Di bawah komando Direktur Teknik Alexander Zwiers, fokus pengembangan kini bergeser pada penguatan kualitas pelatih.
Langkah konkret terbaru adalah bergabungnya Alistair Smith ke dalam departemen pendidikan dan pengembangan PSSI.
Sosok ini diharapkan menjadi kunci revolusi sistem pembinaan pelatih di Indonesia agar setara dengan standar global.
Siapa Alistair Smith? "Guru" dari Para Pelatih Dunia
Alistair Smith bukanlah nama baru di jagat sepak bola internasional. Ia adalah konsultan pembelajaran dengan rekam jejak mentereng selama lebih dari dua dekade bersama The Football Association (FA).
Selama di sana, dia terlibat dalam pengembangan berbagai program pendidikan pelatih, termasuk merancang kursus pelatih elite pertama.
Salah satu kontribusi pentingnya adalah mengarahkan lisensi tertinggi kepelatihan, yakni UEFA Pro Licence, menjadi lebih berbasis kompetensi.
Tercatat, lebih dari 30.000 pelatih berlisensi telah merasakan manfaat dari sistem yang dia bantu kembangkan bersama FA.
Pengalamannya tak berhenti di Inggris. Smith juga pernah bekerja sama dengan UEFA yang bermarkas di Nyon, Swiss.
Di sana, dia membantu merancang konferensi bagi para pendidik pelatih serta menyusun protokol pembelajaran orang dewasa yang dapat diterapkan oleh 55 federasi anggota UEFA.
Fokus: Kualitas, Bukan Sekadar Lisensi
Kehadiran Smith di PSSI membawa misi khusus. Fokus utamanya bukan hanya mengejar kuantitas atau jumlah pelatih berlisensi, melainkan juga pada kualitas metode pelatihan yang diterapkan, terutama di level usia muda.

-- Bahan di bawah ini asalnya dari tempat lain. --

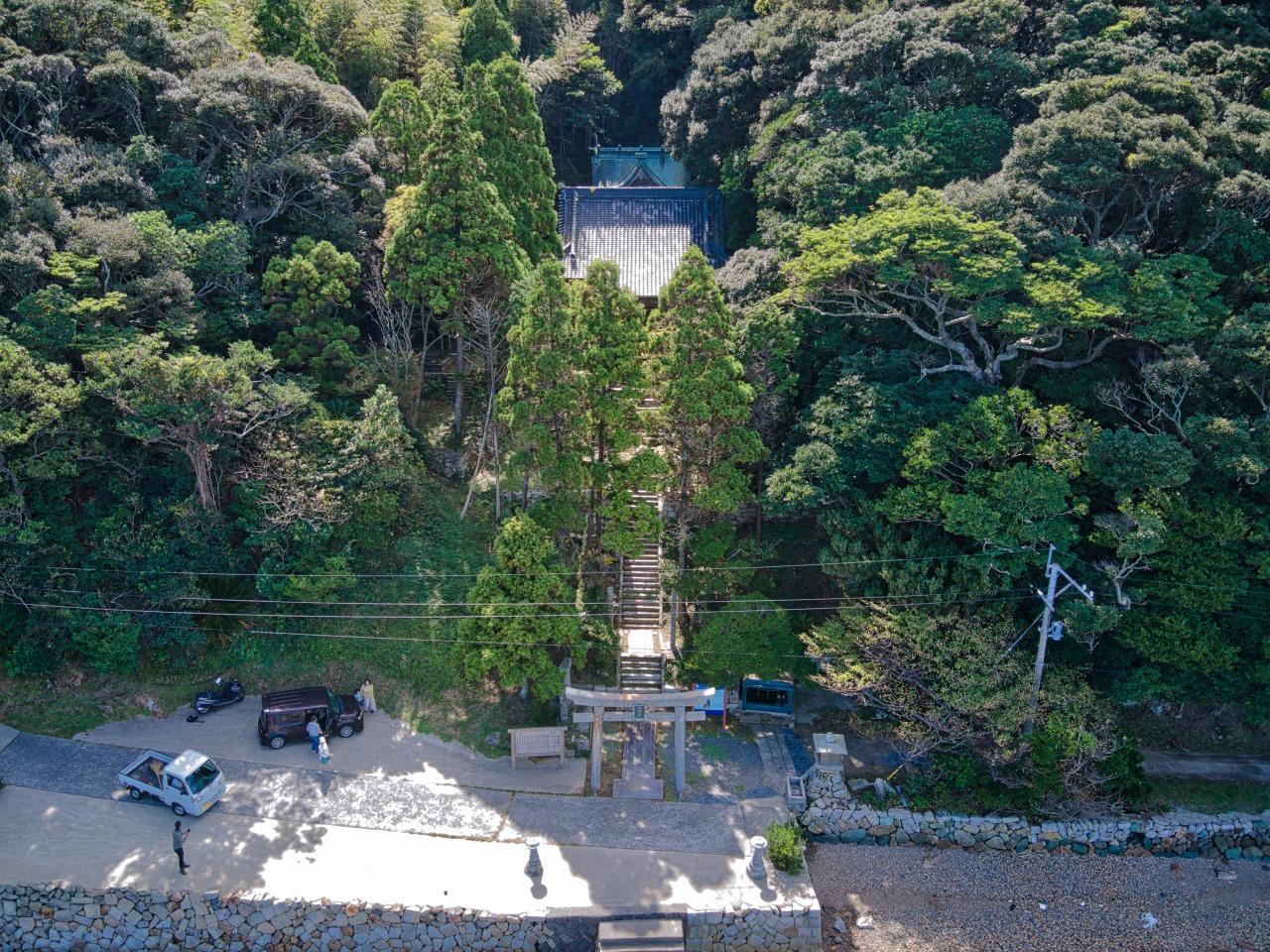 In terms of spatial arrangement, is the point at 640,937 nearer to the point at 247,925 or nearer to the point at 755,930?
the point at 755,930

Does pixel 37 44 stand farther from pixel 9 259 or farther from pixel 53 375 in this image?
pixel 53 375

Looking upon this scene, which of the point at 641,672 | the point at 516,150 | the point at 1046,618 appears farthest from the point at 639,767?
the point at 516,150

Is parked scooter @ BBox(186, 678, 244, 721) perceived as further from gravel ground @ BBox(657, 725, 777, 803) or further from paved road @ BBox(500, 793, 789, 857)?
gravel ground @ BBox(657, 725, 777, 803)

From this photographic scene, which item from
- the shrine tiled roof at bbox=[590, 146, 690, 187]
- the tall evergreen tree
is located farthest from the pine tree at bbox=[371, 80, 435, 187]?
the shrine tiled roof at bbox=[590, 146, 690, 187]

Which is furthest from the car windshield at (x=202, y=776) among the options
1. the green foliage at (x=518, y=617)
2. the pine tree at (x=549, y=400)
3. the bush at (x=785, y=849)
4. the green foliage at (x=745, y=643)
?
the bush at (x=785, y=849)

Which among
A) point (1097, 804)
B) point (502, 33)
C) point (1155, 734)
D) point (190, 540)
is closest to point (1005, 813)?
point (1097, 804) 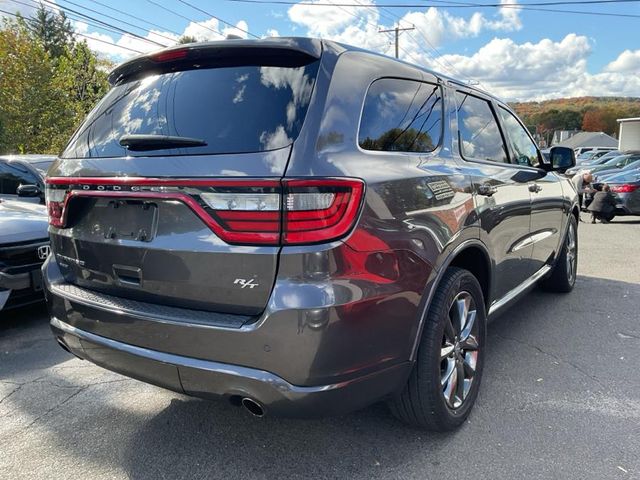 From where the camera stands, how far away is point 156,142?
2.25 m

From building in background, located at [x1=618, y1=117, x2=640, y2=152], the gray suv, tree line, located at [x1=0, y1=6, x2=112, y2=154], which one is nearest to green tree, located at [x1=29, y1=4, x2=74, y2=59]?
tree line, located at [x1=0, y1=6, x2=112, y2=154]

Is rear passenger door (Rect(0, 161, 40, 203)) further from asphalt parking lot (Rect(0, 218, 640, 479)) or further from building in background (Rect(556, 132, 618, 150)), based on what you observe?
building in background (Rect(556, 132, 618, 150))

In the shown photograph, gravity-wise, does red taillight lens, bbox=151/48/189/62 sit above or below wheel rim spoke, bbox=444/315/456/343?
above

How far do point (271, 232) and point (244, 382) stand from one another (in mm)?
593

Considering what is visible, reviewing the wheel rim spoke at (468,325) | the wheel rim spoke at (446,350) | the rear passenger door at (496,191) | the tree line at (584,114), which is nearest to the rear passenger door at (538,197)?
the rear passenger door at (496,191)

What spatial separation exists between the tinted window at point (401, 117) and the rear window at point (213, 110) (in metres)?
0.33

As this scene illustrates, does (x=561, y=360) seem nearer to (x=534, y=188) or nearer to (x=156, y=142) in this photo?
(x=534, y=188)

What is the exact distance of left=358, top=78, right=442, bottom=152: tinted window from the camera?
7.59 feet

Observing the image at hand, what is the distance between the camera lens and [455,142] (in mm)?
2980

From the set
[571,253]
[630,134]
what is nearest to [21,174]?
[571,253]

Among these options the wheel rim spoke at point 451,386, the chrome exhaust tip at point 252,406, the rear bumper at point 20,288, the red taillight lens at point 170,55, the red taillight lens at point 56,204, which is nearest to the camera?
the chrome exhaust tip at point 252,406

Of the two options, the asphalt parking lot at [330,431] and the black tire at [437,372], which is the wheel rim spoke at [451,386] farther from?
the asphalt parking lot at [330,431]

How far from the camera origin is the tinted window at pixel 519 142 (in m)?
4.03

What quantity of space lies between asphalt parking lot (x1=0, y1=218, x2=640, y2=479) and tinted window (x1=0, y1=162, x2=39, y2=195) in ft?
10.4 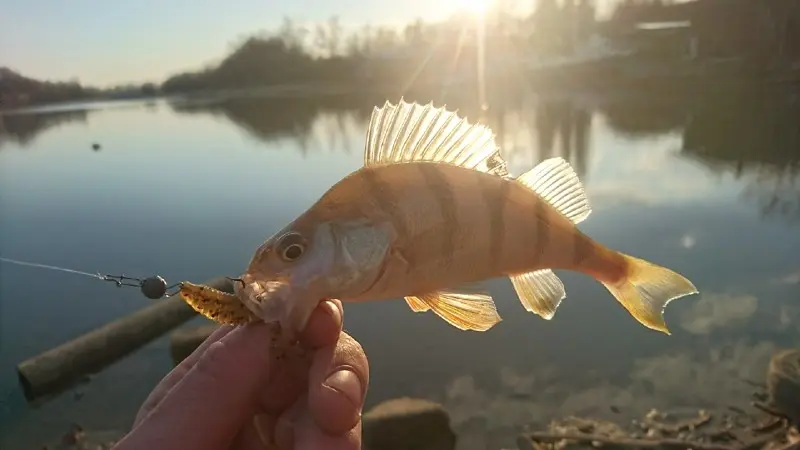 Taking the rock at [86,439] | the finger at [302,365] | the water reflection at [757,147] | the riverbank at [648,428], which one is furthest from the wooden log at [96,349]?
the water reflection at [757,147]

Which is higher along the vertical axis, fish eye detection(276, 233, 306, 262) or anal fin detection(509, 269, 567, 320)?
fish eye detection(276, 233, 306, 262)

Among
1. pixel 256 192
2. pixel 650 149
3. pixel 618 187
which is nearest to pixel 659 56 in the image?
pixel 650 149

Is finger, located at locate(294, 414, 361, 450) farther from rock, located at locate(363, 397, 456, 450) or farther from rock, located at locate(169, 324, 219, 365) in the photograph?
rock, located at locate(169, 324, 219, 365)

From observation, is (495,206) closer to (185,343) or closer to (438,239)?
(438,239)

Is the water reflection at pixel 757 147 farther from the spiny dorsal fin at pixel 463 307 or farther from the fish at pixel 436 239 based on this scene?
the spiny dorsal fin at pixel 463 307

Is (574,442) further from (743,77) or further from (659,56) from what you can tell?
(659,56)

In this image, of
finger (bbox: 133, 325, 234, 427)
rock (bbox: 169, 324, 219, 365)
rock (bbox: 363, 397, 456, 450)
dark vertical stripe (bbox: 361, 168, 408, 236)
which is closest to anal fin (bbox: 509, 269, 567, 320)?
dark vertical stripe (bbox: 361, 168, 408, 236)

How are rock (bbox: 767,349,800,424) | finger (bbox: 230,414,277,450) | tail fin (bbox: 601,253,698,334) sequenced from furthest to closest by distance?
rock (bbox: 767,349,800,424) < tail fin (bbox: 601,253,698,334) < finger (bbox: 230,414,277,450) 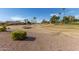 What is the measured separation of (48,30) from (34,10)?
16.7 inches

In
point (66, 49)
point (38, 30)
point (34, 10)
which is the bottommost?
point (66, 49)

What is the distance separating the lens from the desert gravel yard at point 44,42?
187 inches

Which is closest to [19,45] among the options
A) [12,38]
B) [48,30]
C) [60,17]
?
[12,38]

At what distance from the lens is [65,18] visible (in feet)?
15.8

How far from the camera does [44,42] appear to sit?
479cm

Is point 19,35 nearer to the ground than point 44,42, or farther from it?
farther from it

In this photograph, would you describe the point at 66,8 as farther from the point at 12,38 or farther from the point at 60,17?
the point at 12,38

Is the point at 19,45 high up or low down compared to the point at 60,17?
down

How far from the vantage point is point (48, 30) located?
4.81m

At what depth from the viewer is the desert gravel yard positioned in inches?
187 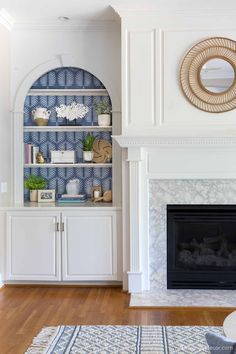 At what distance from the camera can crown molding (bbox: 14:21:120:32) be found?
459 centimetres

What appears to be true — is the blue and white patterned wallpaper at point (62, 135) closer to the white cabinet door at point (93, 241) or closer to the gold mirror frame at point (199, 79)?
the white cabinet door at point (93, 241)

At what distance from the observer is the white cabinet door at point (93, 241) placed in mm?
4352

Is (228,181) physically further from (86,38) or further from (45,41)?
(45,41)

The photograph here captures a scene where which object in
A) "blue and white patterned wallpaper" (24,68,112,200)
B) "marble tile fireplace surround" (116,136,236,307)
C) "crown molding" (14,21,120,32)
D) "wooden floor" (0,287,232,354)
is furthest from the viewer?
"blue and white patterned wallpaper" (24,68,112,200)

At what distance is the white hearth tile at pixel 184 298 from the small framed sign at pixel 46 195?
55.2 inches

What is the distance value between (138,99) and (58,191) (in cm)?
143

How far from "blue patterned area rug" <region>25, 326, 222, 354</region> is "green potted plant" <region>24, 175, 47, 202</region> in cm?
180

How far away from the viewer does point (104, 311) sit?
3.72 metres

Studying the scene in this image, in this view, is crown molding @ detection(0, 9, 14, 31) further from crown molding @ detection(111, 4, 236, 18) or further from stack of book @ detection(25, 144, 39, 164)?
stack of book @ detection(25, 144, 39, 164)

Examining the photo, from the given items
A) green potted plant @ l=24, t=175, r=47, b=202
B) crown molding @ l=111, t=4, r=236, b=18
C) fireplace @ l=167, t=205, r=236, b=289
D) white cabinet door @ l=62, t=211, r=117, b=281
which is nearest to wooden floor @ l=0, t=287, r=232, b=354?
white cabinet door @ l=62, t=211, r=117, b=281

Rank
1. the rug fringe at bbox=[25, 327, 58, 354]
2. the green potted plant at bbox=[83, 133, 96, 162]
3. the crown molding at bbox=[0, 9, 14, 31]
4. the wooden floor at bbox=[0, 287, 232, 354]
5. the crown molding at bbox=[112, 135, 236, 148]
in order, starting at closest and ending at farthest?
the rug fringe at bbox=[25, 327, 58, 354], the wooden floor at bbox=[0, 287, 232, 354], the crown molding at bbox=[112, 135, 236, 148], the crown molding at bbox=[0, 9, 14, 31], the green potted plant at bbox=[83, 133, 96, 162]

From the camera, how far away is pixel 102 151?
15.6 feet

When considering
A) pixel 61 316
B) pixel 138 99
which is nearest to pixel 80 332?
pixel 61 316

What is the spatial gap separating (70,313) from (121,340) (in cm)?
71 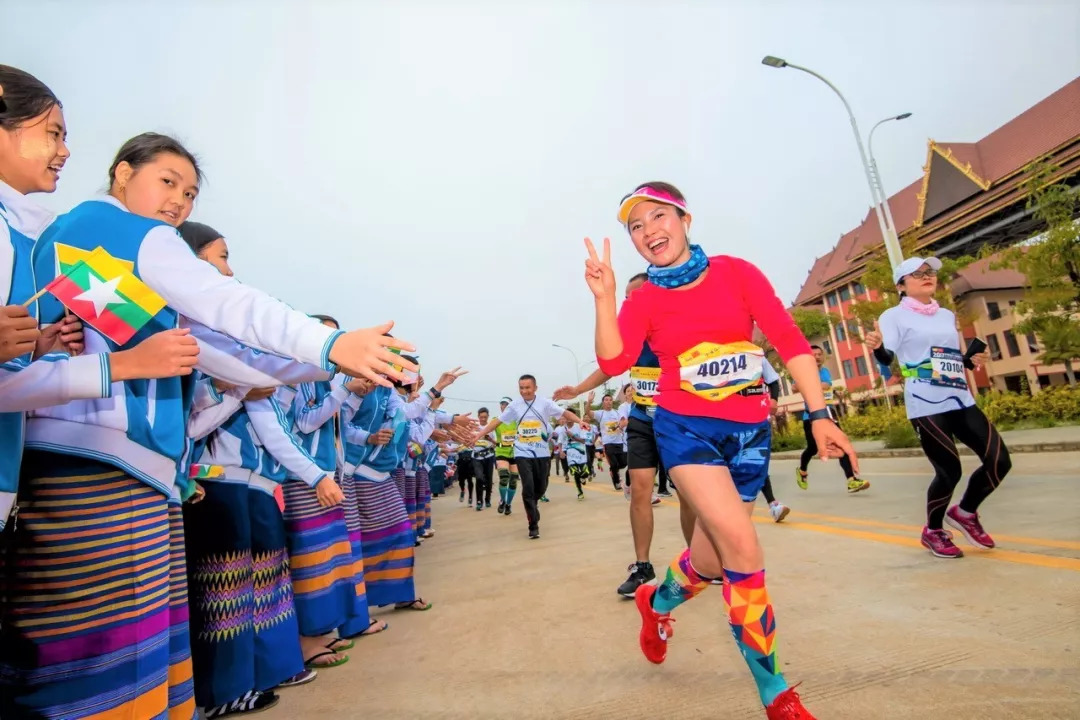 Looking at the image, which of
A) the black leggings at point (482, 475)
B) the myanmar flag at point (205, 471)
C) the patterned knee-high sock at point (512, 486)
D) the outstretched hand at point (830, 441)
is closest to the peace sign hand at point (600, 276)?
the outstretched hand at point (830, 441)

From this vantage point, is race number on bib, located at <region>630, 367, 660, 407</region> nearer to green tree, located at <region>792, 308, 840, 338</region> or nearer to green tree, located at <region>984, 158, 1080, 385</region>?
green tree, located at <region>984, 158, 1080, 385</region>

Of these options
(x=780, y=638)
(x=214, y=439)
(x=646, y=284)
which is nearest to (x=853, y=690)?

Tidak hanya itu saja, langkah ini juga tepat untuk pembinaan usia muda, dimana diharapkan pelatih di level grassroots memiliki kompetensi yang tepat untuk mengarahkan talenta muda.
Selain itu, terbentuk sistem berkelanjutan dimana mampu menciptakan ekosistem di mana pelatih Indonesia mampu bersaing secara taktik dan mental di level internasional.
Dampak Jangka Panjang bagi Timnas
Dengan pelatih-pelatih yang kompeten dan terstandarisasi Eropa, proses scouting dan pengembangan pemain muda di seluruh pelosok Indonesia diharapkan berjalan lebih sistematis.
"Langkah ini krusial. Jika pelatihnya berkualitas, maka pemain yang dihasilkan pun akan memiliki standar yang jauh lebih baik untuk menyokong prestasi Timnas di masa depan," tulis laporan departemen teknik PSSI.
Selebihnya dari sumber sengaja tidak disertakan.